Work should be something we do. Yet to an overwhelming extent, it has become somewhere we go, leading to the pervasive belief that productivity is somehow linked to presence.
So to hear a major-league U.S. CEO whose has spent their entire career adhering to the "presenteeism" model admit: "for years I had been focused on the wrong currency. I was always looking to see if people were here. I should have been looking at what they were getting done" comes as something of a bombshell.
As BusinessWeek explores in an illuminating cover story, arguably no big business has smashed the clock quite so resolutely as U.S. retail giant, Best Buy.
Best Buy's initiative, called ROWE (results-only work environment), seeks to demolish the assembly-line dogma that equates physical presence with productivity.
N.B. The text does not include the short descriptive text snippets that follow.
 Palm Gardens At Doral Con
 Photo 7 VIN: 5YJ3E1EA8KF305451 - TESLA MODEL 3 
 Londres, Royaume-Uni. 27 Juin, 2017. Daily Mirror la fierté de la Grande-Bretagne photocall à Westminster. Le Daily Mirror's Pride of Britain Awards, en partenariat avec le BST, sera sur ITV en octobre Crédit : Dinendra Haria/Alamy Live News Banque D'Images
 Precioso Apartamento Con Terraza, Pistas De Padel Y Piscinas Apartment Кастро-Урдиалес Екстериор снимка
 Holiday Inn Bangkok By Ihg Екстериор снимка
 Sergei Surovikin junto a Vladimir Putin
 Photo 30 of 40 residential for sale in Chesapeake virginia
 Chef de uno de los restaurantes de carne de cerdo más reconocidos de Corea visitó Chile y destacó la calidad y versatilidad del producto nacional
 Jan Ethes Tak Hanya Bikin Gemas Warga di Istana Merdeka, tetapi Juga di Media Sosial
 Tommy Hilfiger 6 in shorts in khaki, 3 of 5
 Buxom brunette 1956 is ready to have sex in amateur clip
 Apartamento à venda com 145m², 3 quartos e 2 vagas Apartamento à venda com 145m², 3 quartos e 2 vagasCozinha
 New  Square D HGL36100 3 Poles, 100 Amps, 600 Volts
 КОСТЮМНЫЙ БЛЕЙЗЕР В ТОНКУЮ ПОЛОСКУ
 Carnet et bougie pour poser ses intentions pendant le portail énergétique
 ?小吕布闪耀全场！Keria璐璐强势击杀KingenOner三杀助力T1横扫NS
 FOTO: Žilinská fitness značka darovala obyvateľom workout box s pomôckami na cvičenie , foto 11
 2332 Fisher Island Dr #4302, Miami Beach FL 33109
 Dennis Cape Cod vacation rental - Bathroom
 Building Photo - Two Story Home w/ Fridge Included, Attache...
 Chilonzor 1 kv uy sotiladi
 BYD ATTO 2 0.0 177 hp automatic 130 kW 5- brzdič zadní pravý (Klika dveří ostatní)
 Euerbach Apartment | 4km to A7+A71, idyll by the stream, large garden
There are no schedules. No mandatory meetings. No impression-management hustles. Work is no longer a place where you go, but something you do. It's O.K. to take conference calls while you hunt, collaborate from your lakeside cabin, or log on after dinner so you can spend the afternoon with your kid.
What seems particularly astonishing is that all this was put in place unofficially over the course of more than two years and grew virally without anybody telling the CEO what was going on.
But the results have been so impressive- productivity has risen an average 35 per cent in departments that have switched to ROWE Ė that Best Buy has even set up a subsidiary company, CultureRx, to help other companies go clockless.
The start of a revolution? Lets hope so.